## What you should do:
Could the data below please be reproduced word for word, without the pictures?

## Data provided:
====================

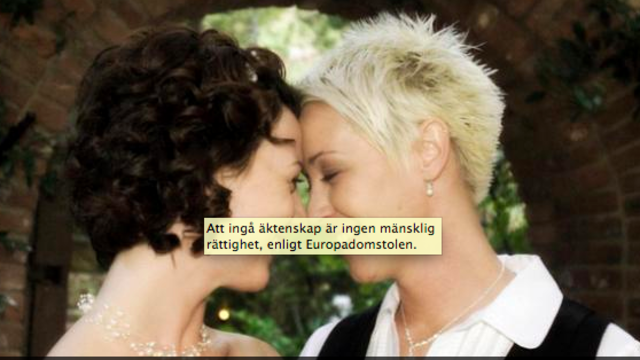 Äktenskap/Partnerskap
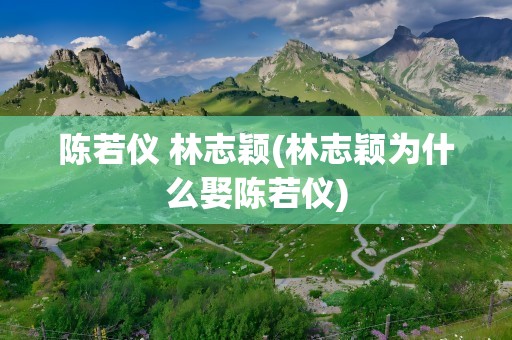 陈若仪 林志颖(林志颖为什么娶陈若仪)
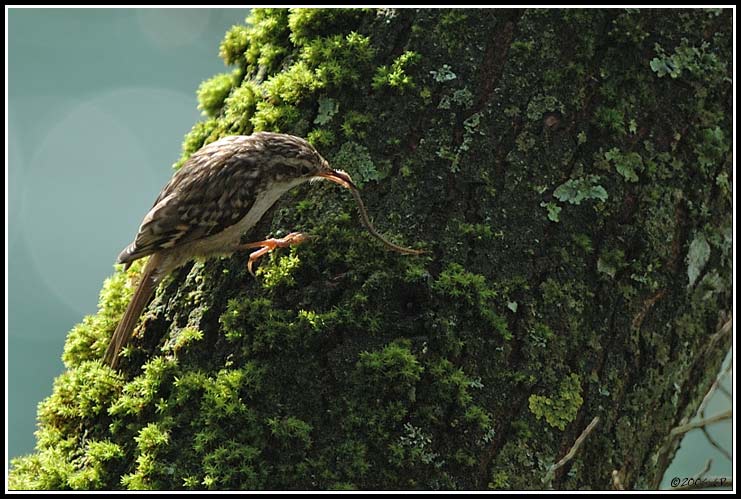 Gartenbaumläufer - Certhia brachydactyla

====================

## Exercise response:
 Äktenskap/Partnerskap
 陈若仪 林志颖(林志颖为什么娶陈若仪)
 Gartenbaumläufer - Certhia brachydactyla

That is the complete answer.